Au lendemain de la désignation de son successeur Thierry Lepaon, Bernard Thibault a affirmé mercredi que la page de la crise interne de la CGT était désormais "tournée", et a lancé une offensive contre le gouvernement et son pacte de compétitivité.
"La CGT conteste fortement les volets essentiels du dispositif" présenté mardi par le Premier ministre Jean-Marc Ayrault en soutien à la compétitivité, a lancé le secrétaire général du syndicat, lors d'une conférence de presse au côté de son dauphin désigné.
Selon lui, "au fil des mois, les motifs de déception se multiplient, voire de critiques ou d'incompréhension à l'égard des décisions du gouvernement".
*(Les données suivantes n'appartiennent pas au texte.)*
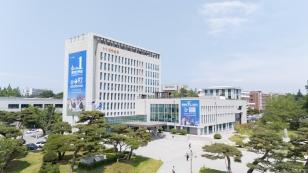 주요뉴스 전북대, 'AI대학' 신설…정부 AI 전략 맞춤 지역거점 구축 썸네일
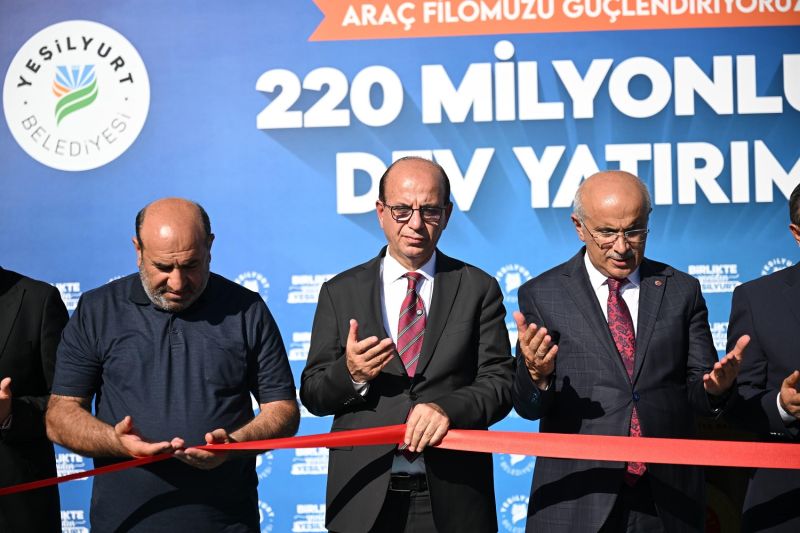 Yeşilyurt Belediyesi Araç Filosunu 220 Milyon Tl.'Lik 31 Yeni İş Makinasıyla Güçlendirdi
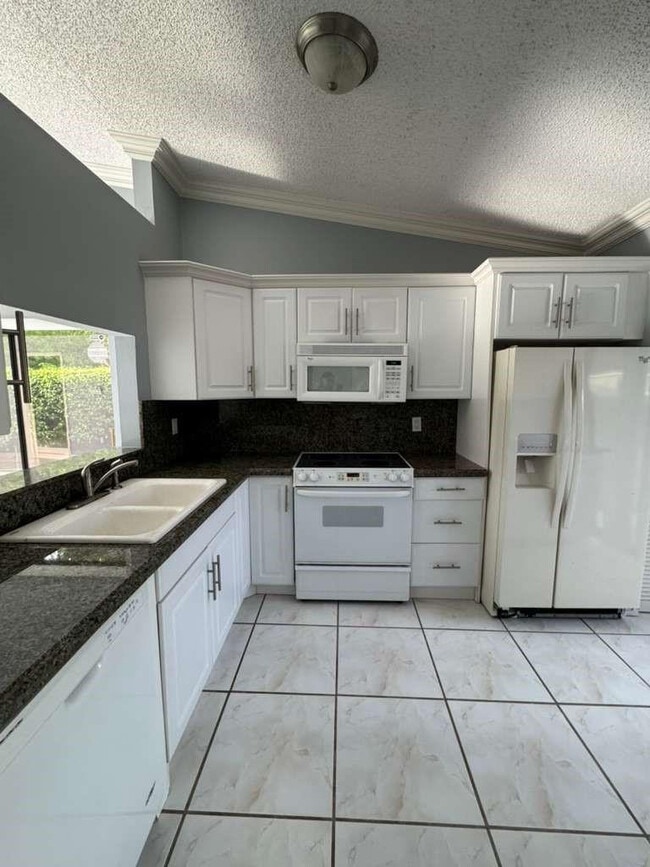 Photo - 10324 Boca Bend W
M. Thibault a rejeté à la fois le diagnostic qui sous-tend le plan du gouvernement- "une vaste campagne consistant à culpabiliser les salariés sur le coût du travail" - et sur son financement, via la hausse de la TVA, "un impôt très inégalitaire".
"Je croyais que le gouvernement était contre la hausse de la TVA", a-t-il dit.
Par ailleurs, selon lui, les 20 milliards d'euros de crédit d'impôt prévus par le plan, "vont bénéficier à toutes les entreprises y compris à celles qui distribuent des dividendes. C'est inacceptable pour nous".
"Je comprends que Mme Parisot (la patronne du Medef) a dû boire du champagne hier soir", a-t-il ironisé.
"20 milliards, ce n'est pas une paille. Même si on prend pour argent comptant le pronostic du gouvernement sur la création de 300.000 emplois" grâce à ce plan, "cela fait 67.000 euros pour chaque emploi créé et payé souvent au Smic. C'est cher payé", a-t-il dit.
Ces 20 milliards "s'ajoutent à 160 mds d'exonérations déjà accordées. Je dis stop", a lancé M. Thibault, qui espère persuader le gouvernement de "revenir sur certaines dispositions" du plan lors d'une rencontre le 22 novembre.
Pas de "rupture" suffisante avec l'ére Sarkozy
Le leader cégétiste s'en est pris aussi à "la position expectative du gouvernement", qui s'en remet trop, selon lui, au "dialogue social". "On ne peut pas s'en remettre uniquement à des négociations" entre patronat et syndicats, "le législateur doit prendre la main".
Dans les négociations en cours sur la sécurisation de l'emploi "nous n'arriverons pas à nous mettre d'accord avec le patronat sur la nature des réformes à mettre en oeuvre pour sortir de la crise", a-t-il notamment estimé.
M. Thibault reconnaît certaines "mesures positives" du gouvernement, notamment le retour partiel à 60 ans. Mais, concernant "l'emploi et le pouvoir d'achat, nous ne sommes pas en présence d'une politique gouvernementale suffisamment en rupture avec ce qui s'est fait ces dernières années", a-t-il jugé.
La CGT entend montrer son insatisfaction lors de la mobilisation organisée le 14 novembre avec d'autres syndicats, dont la CFDT, à l'appel de la Confédération européenne des syndicats. "87 manifestations et rassemblements sont prévus", a dit M. Thibault.
Pour le numéro un de la CGT, qui va passer le témoin au Congrès en mars prochain à M. Lepaon, "la crise de la direction de la CGT est une page qui est tournée".
Il a vanté les mérites "comme militant et comme dirigeant national" de M. Lepaon, qui a été adoubé mardi par le "Parlement" de la CGT, ce qui a mis fin dix mois de crise de succession.
D'ici mars, le dauphin désigné sera associé à la direction mais M. Thibault entend exercer pleinement sa responsabilité.
Il a ainsi refusé d'évoquer à ce stade son bilan de près de 14 ans à la tête de la CGT, "j'ai encore quatre mois pour l'améliorer!", a-t-il dit.
Quant à M. Lepaon, il a insisté sur le nécessaire "rassemblement" de la CGT qui est sa principale "force". Il a affirmé aussi qu'il n'était pas forcément à la recherche d'une "rupture" avec son prédécesseur sur la gestion du syndicat.